Scheer heads to Conservative heartland after a bruising week of challenges

Scheer heads to Conservative heartland after a bruising week of challenges

OTTAWA — Andrew Scheer heads into the Conservative heartland of Alberta today where he’ll make a pitch to some of the party’s most fervent supporters about why he ought to keep his job as federal leader, and how he intends to do it.

His speech to the United Conservative Party convention will come at the end of a bruising week of challenges to his leadership from across the conservative spectrum, and what he himself described as frank conversations about why he failed to win a majority last month.

The latest series of those took place at an Ottawa convention centre last night, where he heard from a range of failed candidates and volunteers in two hours worth of meetings.

“All our conversations have been very, very open and frank, and respectful,” he said.

“We are all focused on learning from what happened in the campaign and to finish the job.”

Earlier in the week, Scheer had been blasted by party supporters in Montreal, including outright calls for his resignation.

In Ottawa, the mood was far calmer and there were more overt signs of support.

Lucia Fevrier-President, who voted for Trudeau in 2015 but switched to the Tories for the 2019 election, acknowledged that there are some in the party who think he should go, but not her.

“He can stay on as leader,” she said. “The individuals I speak to, none of them want him to leave at this point. This is a minority government, we need to be able to focus on doing the work right now than what’s happening out there.”

Carole Clemenhagen, who ran in the riding of Ottawa Centre, home to a federal Liberal cabinet minister, said she was still processing her loss in what’s admittedly a tough riding.

She attributed the party’s failure broadly to Scheer’s inability to clearly articulate a distinction between his personal positions on issues such as abortion and LGBTQ rights and that of the party.

“The Conservative party at heart is a centrist party, and that’s what voters want to see in a national party,” she said.

“I believe and I hope that’s the direction he will follow should he stay on as leader.”

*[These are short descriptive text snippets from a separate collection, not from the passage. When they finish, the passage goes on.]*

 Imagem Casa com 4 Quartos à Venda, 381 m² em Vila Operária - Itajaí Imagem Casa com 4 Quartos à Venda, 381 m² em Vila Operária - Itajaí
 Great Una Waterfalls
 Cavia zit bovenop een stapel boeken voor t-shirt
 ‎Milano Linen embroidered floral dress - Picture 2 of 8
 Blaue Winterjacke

Another Ottawa candidate, Justina McCaffery, called Scheer a nice guy, but one who failed to present a compelling enough persona to voters and was surrounded by a bad team. She said she still supports him but wants change, and she’s not sure he’s capable of it.

Mike Duggan, who ran in the riding of Hull-Aylmer, just over the river in Quebec from Ottawa, said in his view Scheer deserved to — and should — stay.

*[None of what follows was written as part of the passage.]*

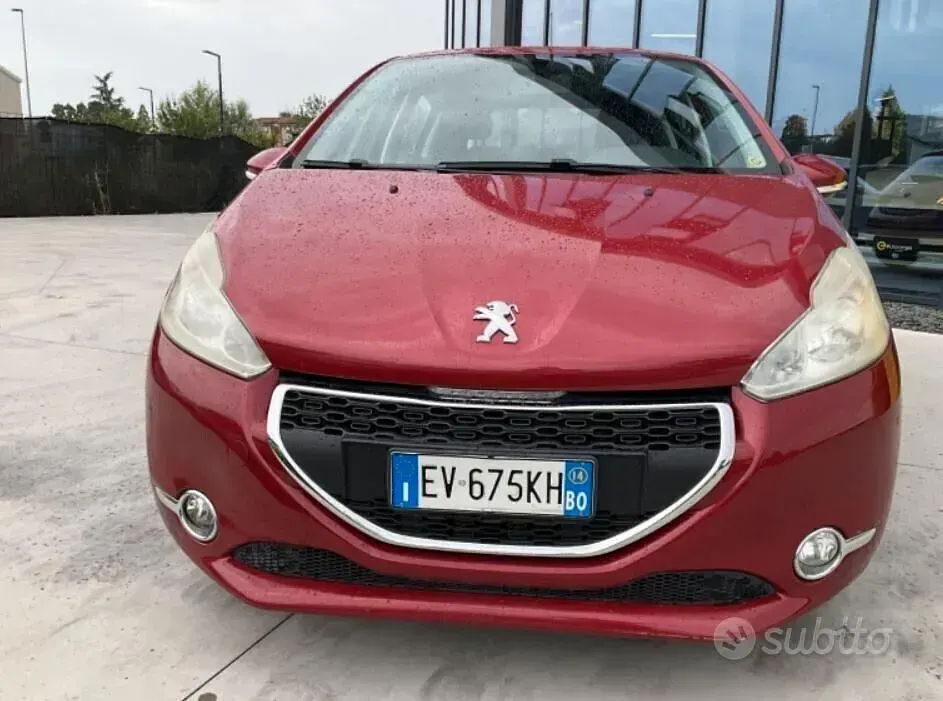 Usata Peugeot 208 Allure 92 CV (67 kW) 2014 Rosso Utilitaria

“He’s an intelligent person, he’s got good values,” he said.

Scheer had sought Thursday to move forward from the question of his leadership with the appointment of Leona Allslev as deputy leader. She was elected as a Liberal in 2015, but crossed the floor to the Conservatives in 2018. He called her role a signal to those disillusioned with the Liberals there’s a home for them with him.

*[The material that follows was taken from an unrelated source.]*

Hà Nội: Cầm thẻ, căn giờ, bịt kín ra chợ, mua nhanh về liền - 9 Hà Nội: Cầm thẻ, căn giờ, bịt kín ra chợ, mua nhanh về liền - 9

Next will come the reveal of the other members of his front benches, the critics who will be charged with pressing the government on its agenda beginning with the return of Parliament on Dec. 5.

What shape that Opposition will take will be outlined in a speech later tonight at the UCP convention in Alberta, a province where the federal Tories swept every seat save one in the October vote.

But while their vote totals in Alberta hit record highs, it’s also the home of some of the most abject frustration that Scheer failed to win a majority when faced with what many believed should have been an easy win.

The speech will be his first major appearance before supporters since election night.